§ **TASK DETAILS**: Transcribe exactly the lines from the first line of the records through the line containing "NYC Bird’s Eye", and leave out every picture.

§ **DATASET EXCERPTS**:
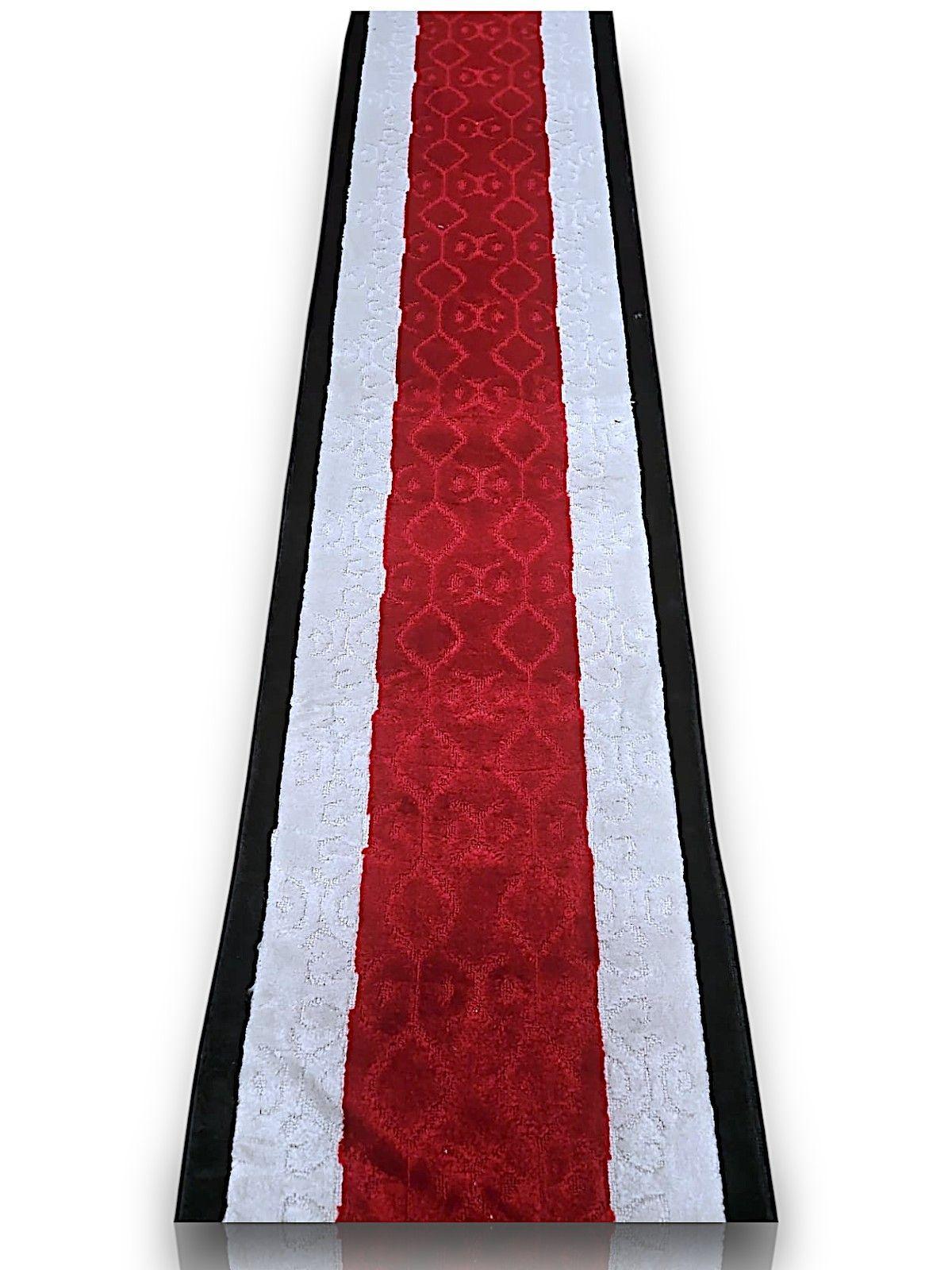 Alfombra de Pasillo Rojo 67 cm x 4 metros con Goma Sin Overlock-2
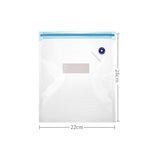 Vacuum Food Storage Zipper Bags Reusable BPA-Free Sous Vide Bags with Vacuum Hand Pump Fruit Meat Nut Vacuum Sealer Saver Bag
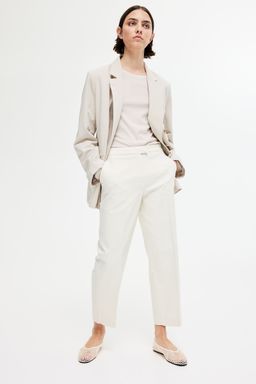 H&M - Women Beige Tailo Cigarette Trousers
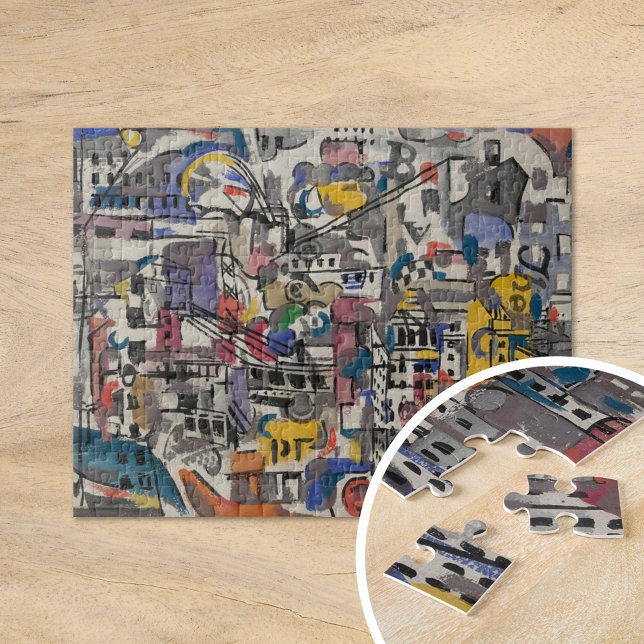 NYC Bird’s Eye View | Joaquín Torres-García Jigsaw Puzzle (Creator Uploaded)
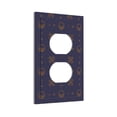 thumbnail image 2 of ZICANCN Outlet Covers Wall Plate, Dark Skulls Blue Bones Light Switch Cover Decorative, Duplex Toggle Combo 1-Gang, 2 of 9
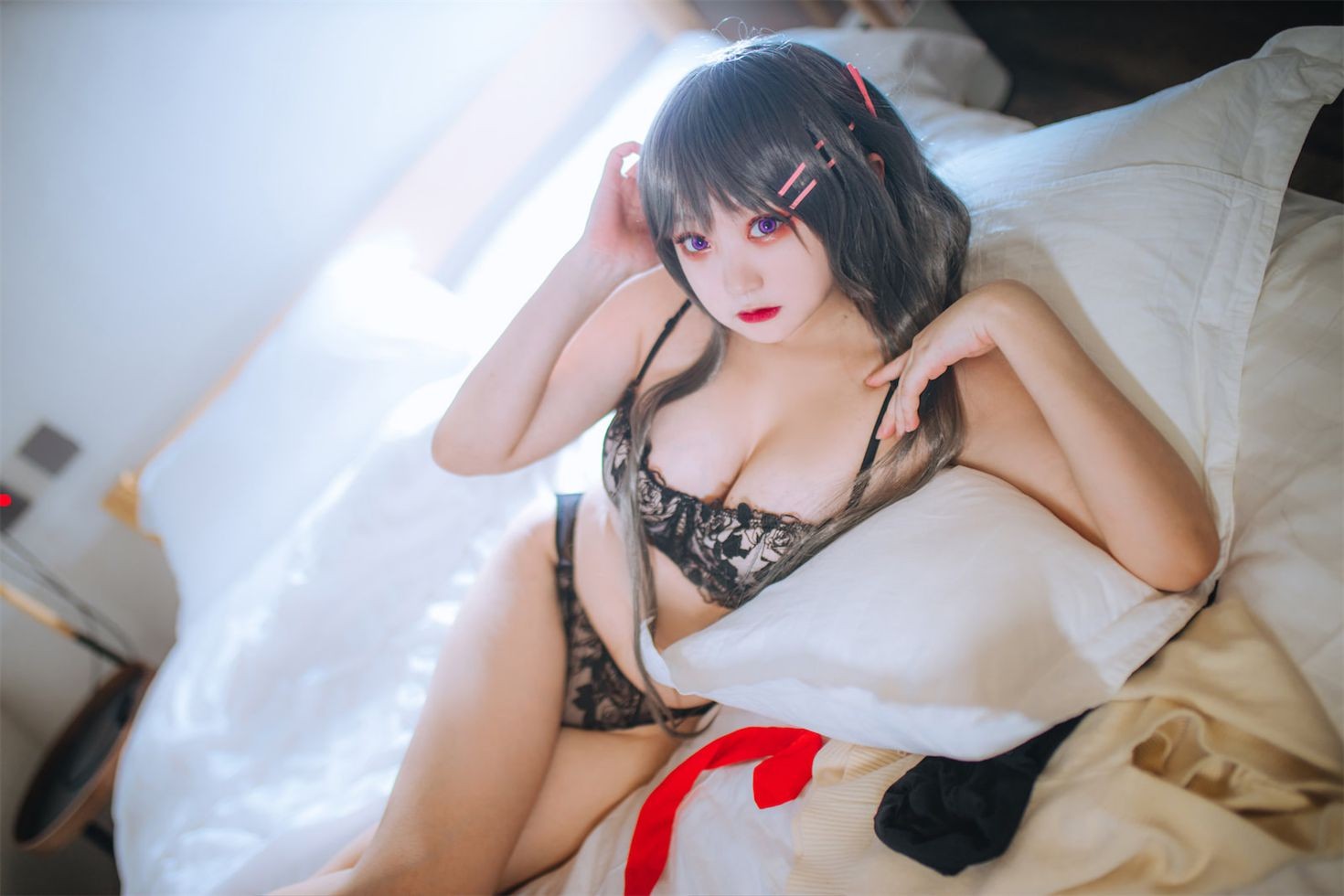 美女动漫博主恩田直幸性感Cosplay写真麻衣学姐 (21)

§ **EXERCISE OUTPUT**:
 Alfombra de Pasillo Rojo 67 cm x 4 metros con Goma Sin Overlock-2
 Vacuum Food Storage Zipper Bags Reusable BPA-Free Sous Vide Bags with Vacuum Hand Pump Fruit Meat Nut Vacuum Sealer Saver Bag
 H&M - Women Beige Tailo Cigarette Trousers
 NYC Bird’s Eye View | Joaquín Torres-García Jigsaw Puzzle (Creator Uploaded)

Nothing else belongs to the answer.